YOUR ASSIGNMENT: Find the line containing "Фото подушка с" in the material below, then please transcribe it and each line after it exactly, without the pictures.

AVAILABLE DATA:
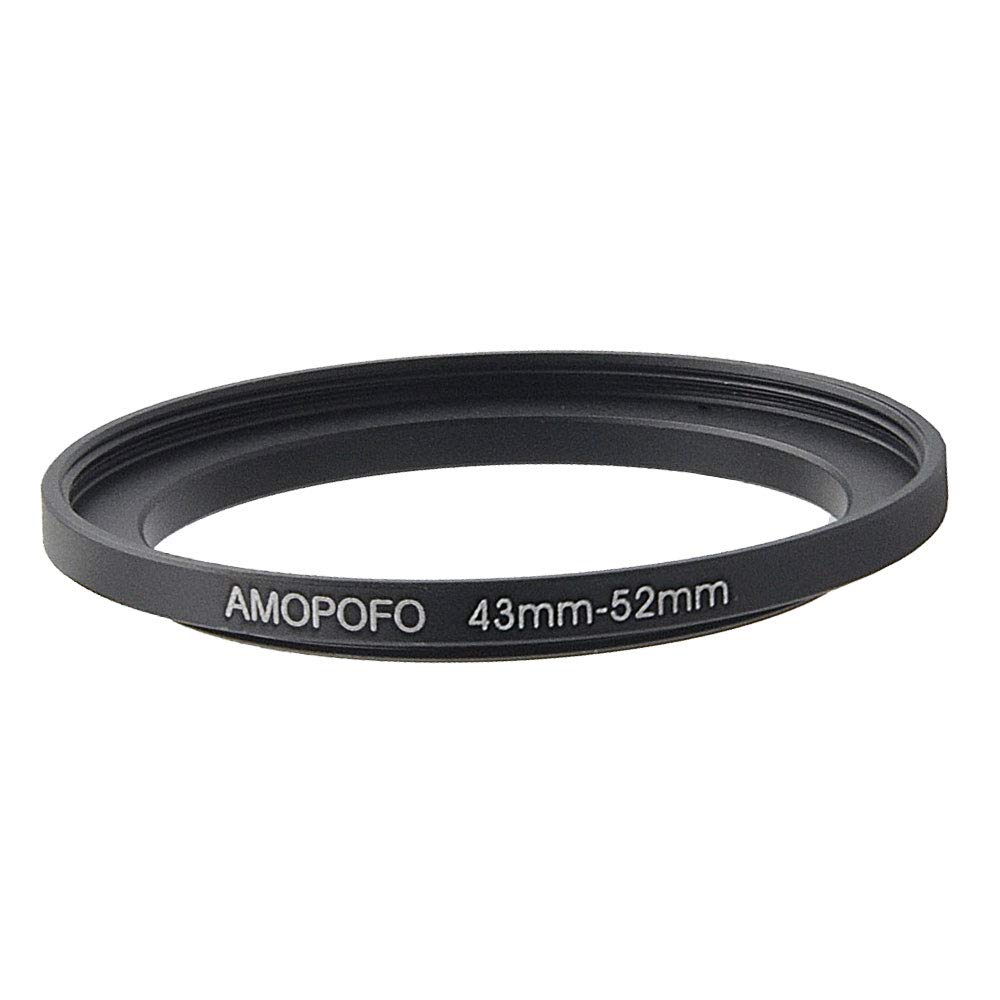 Anello Caruba Step-up/down 43mm - 52mm - Kamera Express - Foto 8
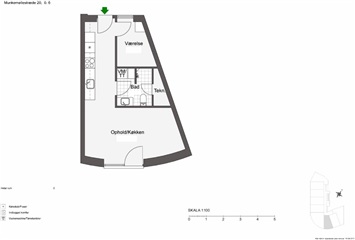 Photo 13. Apartment, Munkemøllestræde, Odense C 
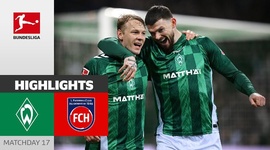 Bundesliga: Werder Bremen 3 - 3 Heidenheim (2024-2025)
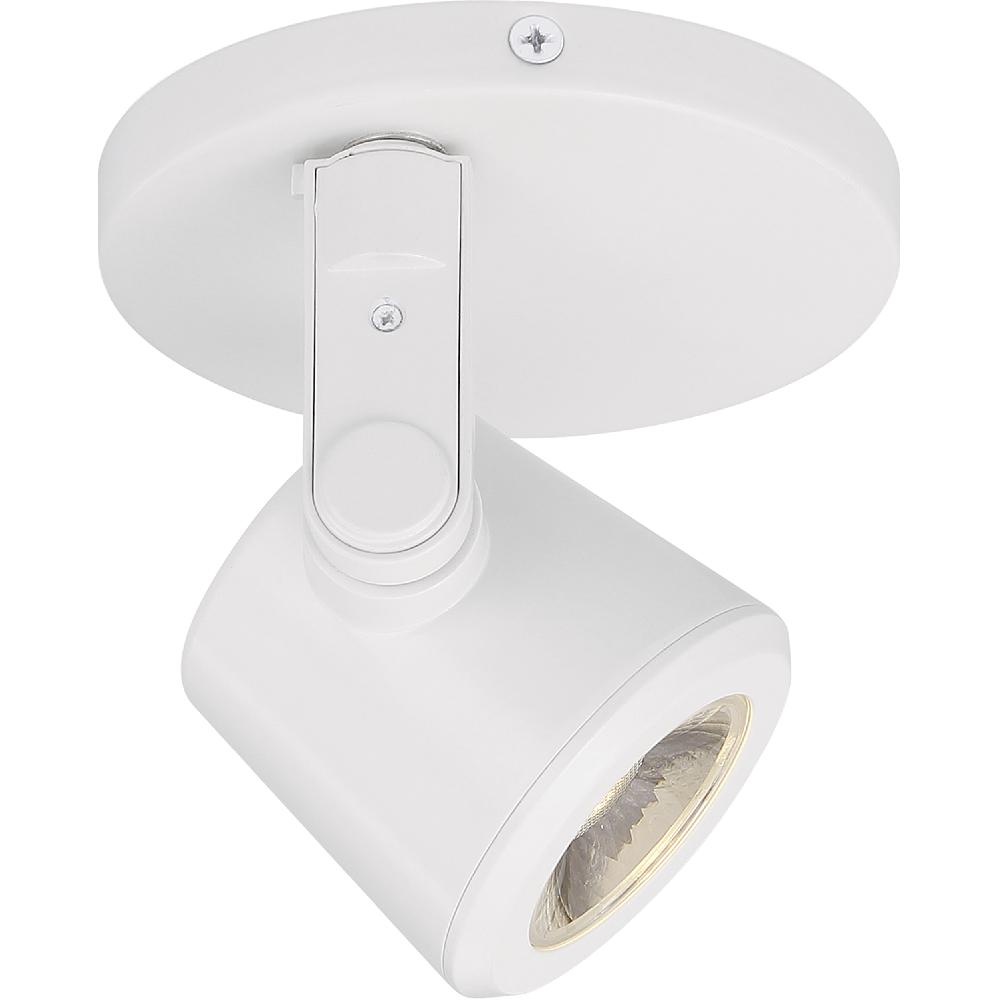 nuvo lighting Brentwood White 12.00 watt LED Monopoint Spotlight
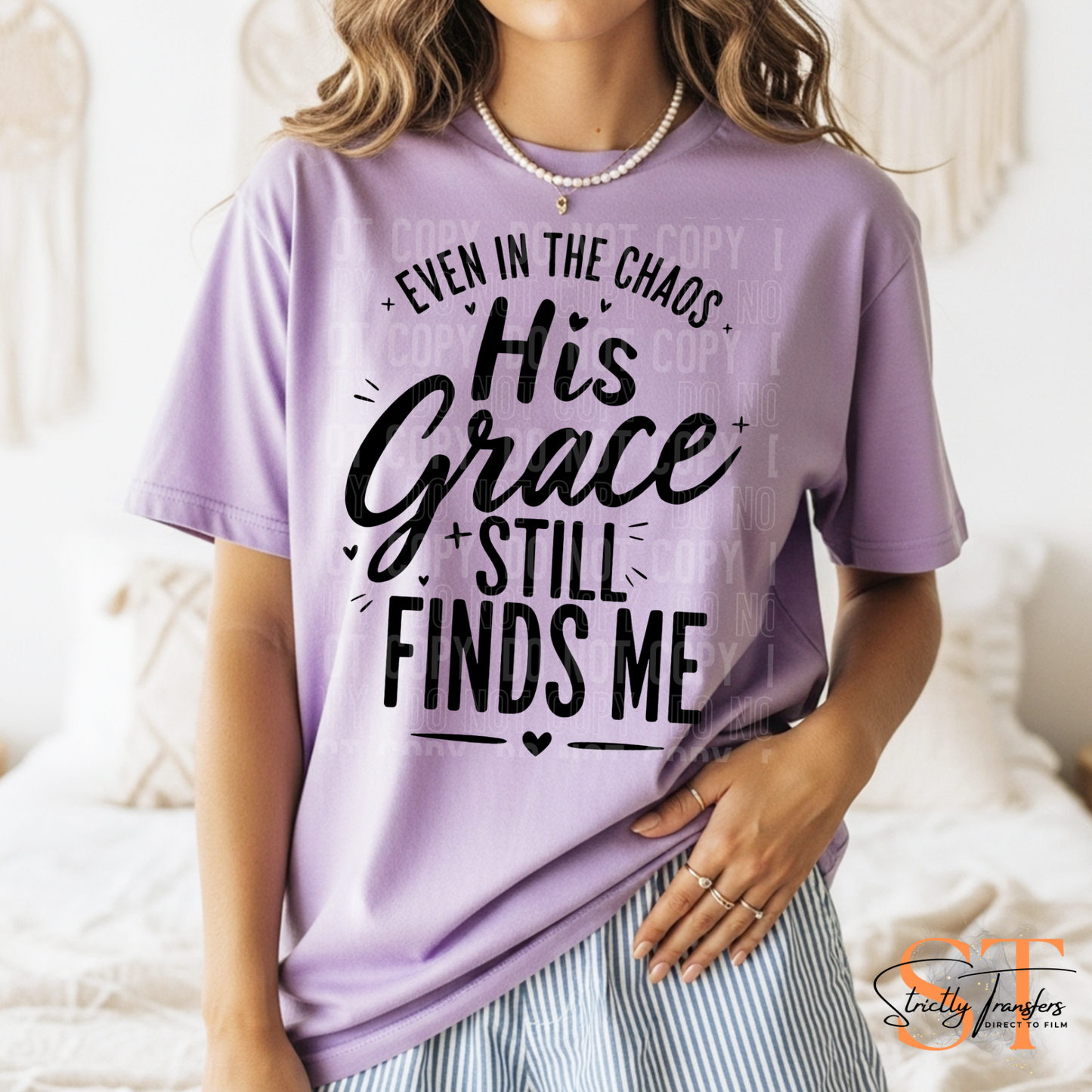 His Grace Still Finds Me Direct to Film Transfers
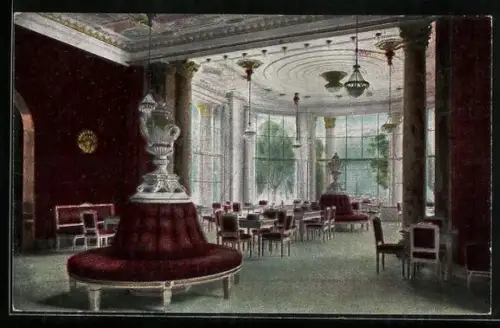 AK Wiesbaden, Neues Kurhaus, Spielaal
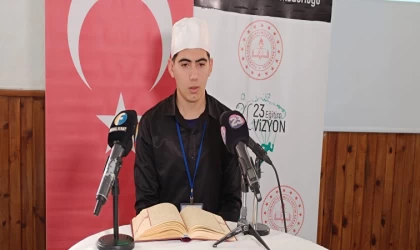 Elazığ Anadolu İmam Hatip Lisesi’nde Kur'an-I Kerim'i Güzel Okuma Yarışması Düzenlendi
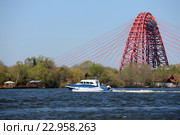 Катер РТ14МТ "Корабел" (2014 год). Редакционное фото, фотограф Free Wind / Фотобанк Лори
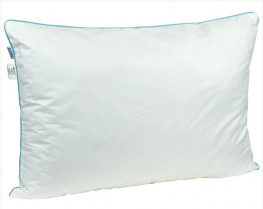 Фото подушка с силиконовыми шариками руно тик 70x70 см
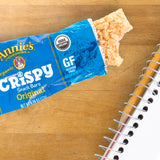 Annie's Organic Original Crispy Snack Bars, Gluten Free, Value Pack, 12 Bars, 9.36 oz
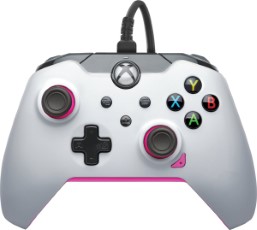 PDP Gaming Bedrade Xbox Controller Xbox Series X|S en Xbox One Fuse White
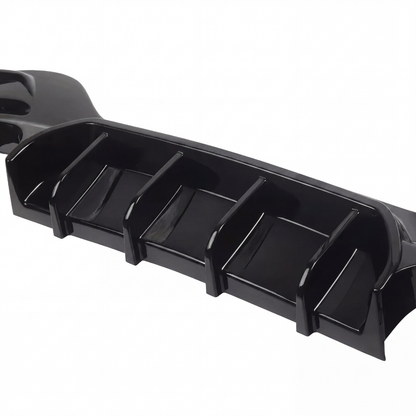 Gloss Black V2 Style Diffuser - (1 Series F20/F21)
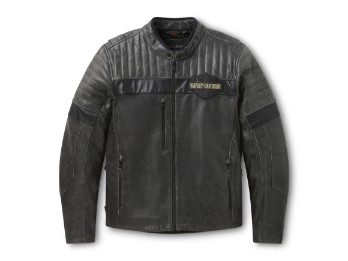 H-D Passing Link III Herren Motorrad Lederjacke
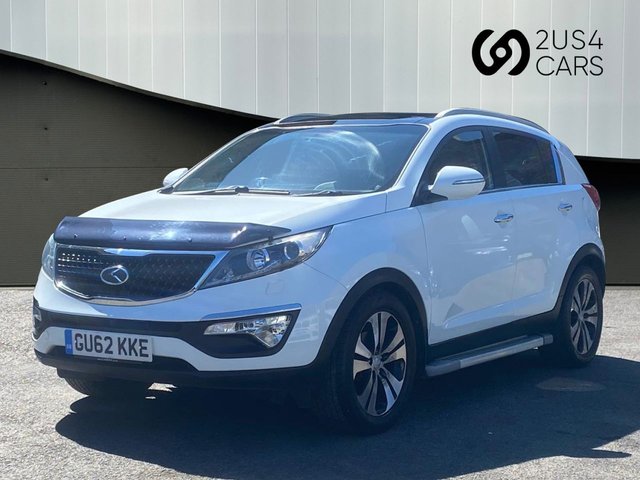 View our KIA SPORTAGE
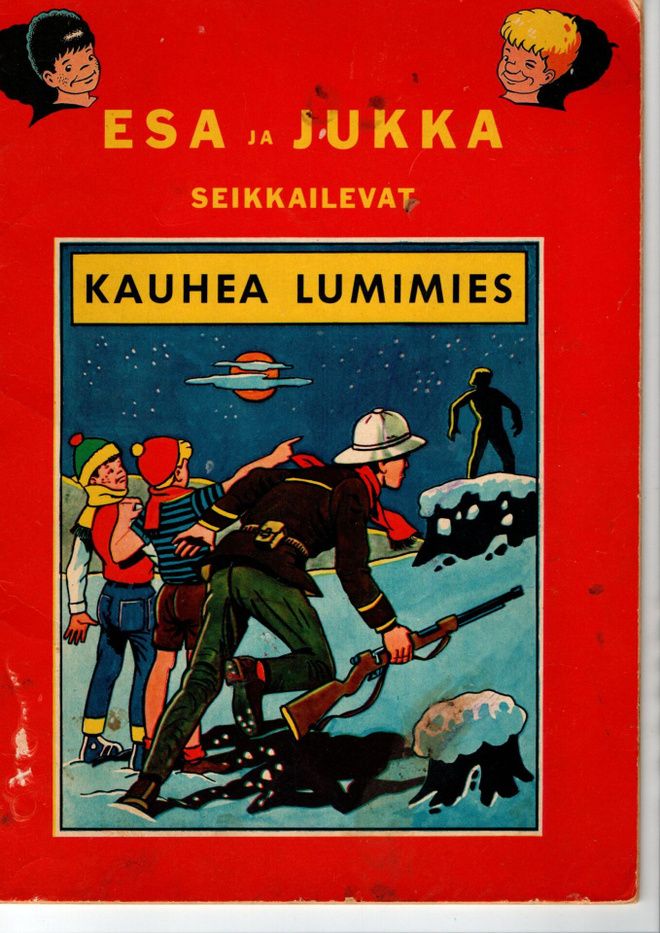 ESA ja JUKKA Seikkailevat: Kauhea lumimies.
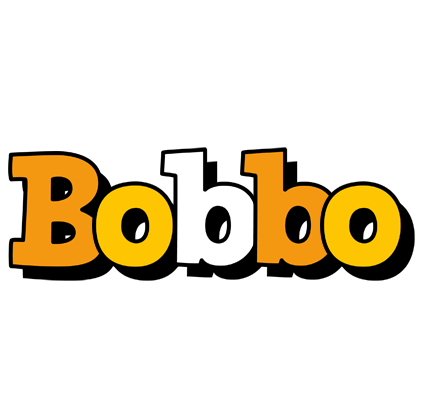 Bobbo cartoon logo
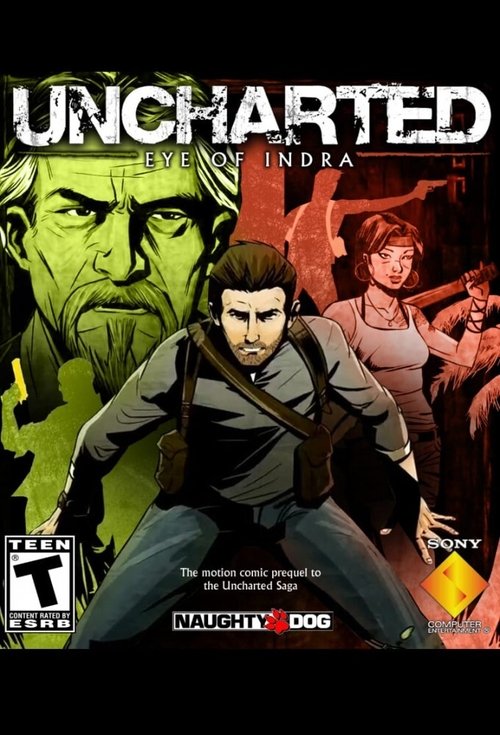 Uncharted: Eye of Indra (2009) poster
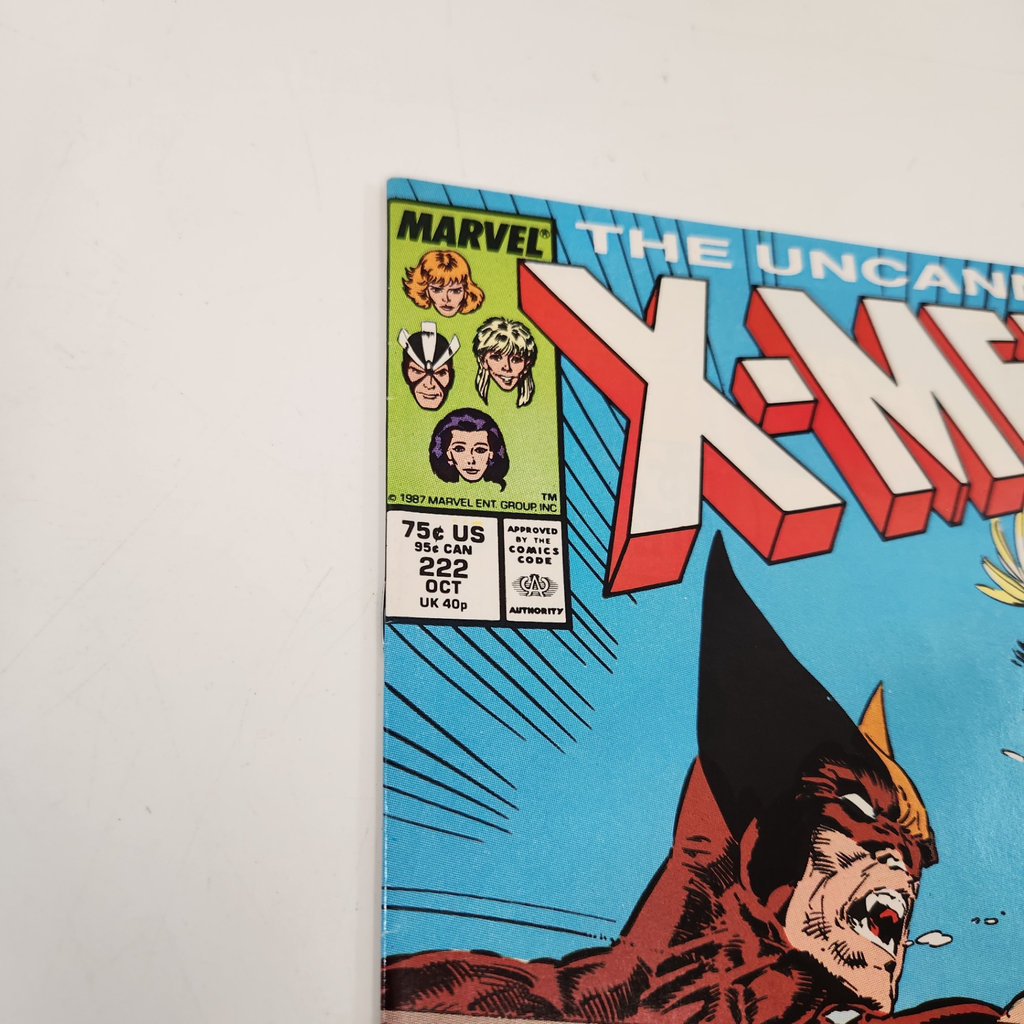 Uncanny X-men 222 - image 4 of 5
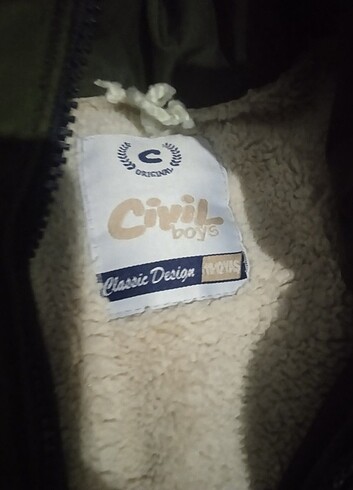 Civil Erkek çocuk mont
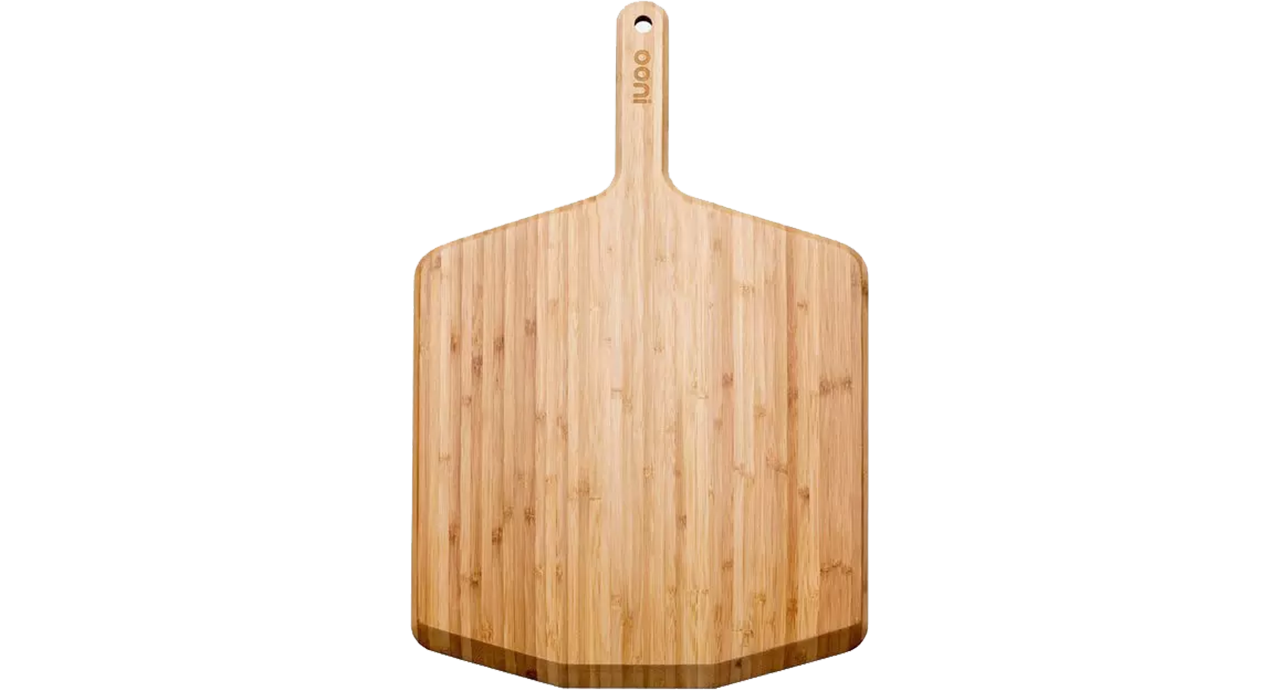 Ooni 16 inch Bamboe Pizza Peel & Serving Board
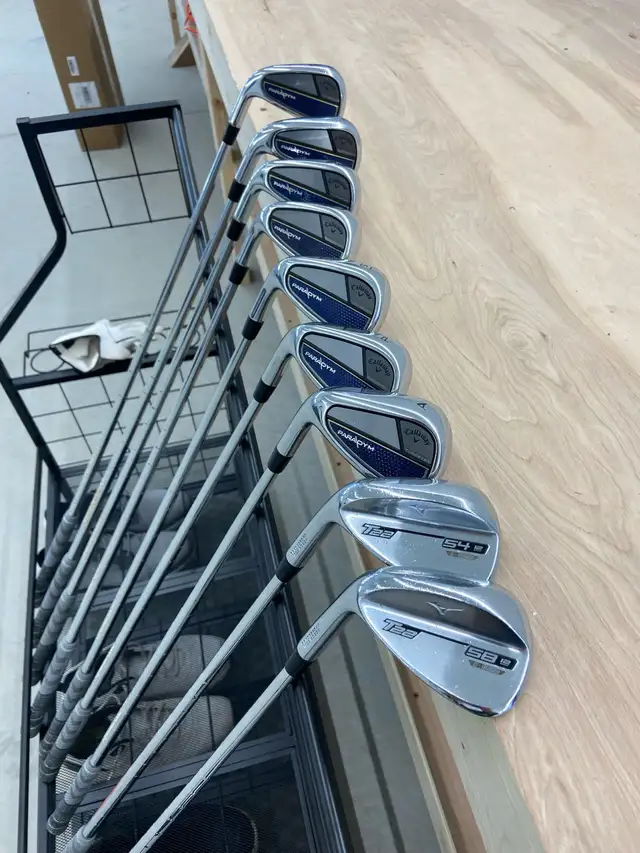 Calloway Irons Mizuno Wedges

EXERCISE RESULT:
 Фото подушка с силиконовыми шариками руно тик 70x70 см
 Annie's Organic Original Crispy Snack Bars, Gluten Free, Value Pack, 12 Bars, 9.36 oz
 PDP Gaming Bedrade Xbox Controller Xbox Series X|S en Xbox One Fuse White
 Gloss Black V2 Style Diffuser - (1 Series F20/F21)
 H-D Passing Link III Herren Motorrad Lederjacke
 View our KIA SPORTAGE
 ESA ja JUKKA Seikkailevat: Kauhea lumimies.
 Bobbo cartoon logo
 Uncharted: Eye of Indra (2009) poster
 Uncanny X-men 222 - image 4 of 5
 Civil Erkek çocuk mont
 Ooni 16 inch Bamboe Pizza Peel & Serving Board
 Calloway Irons Mizuno Wedges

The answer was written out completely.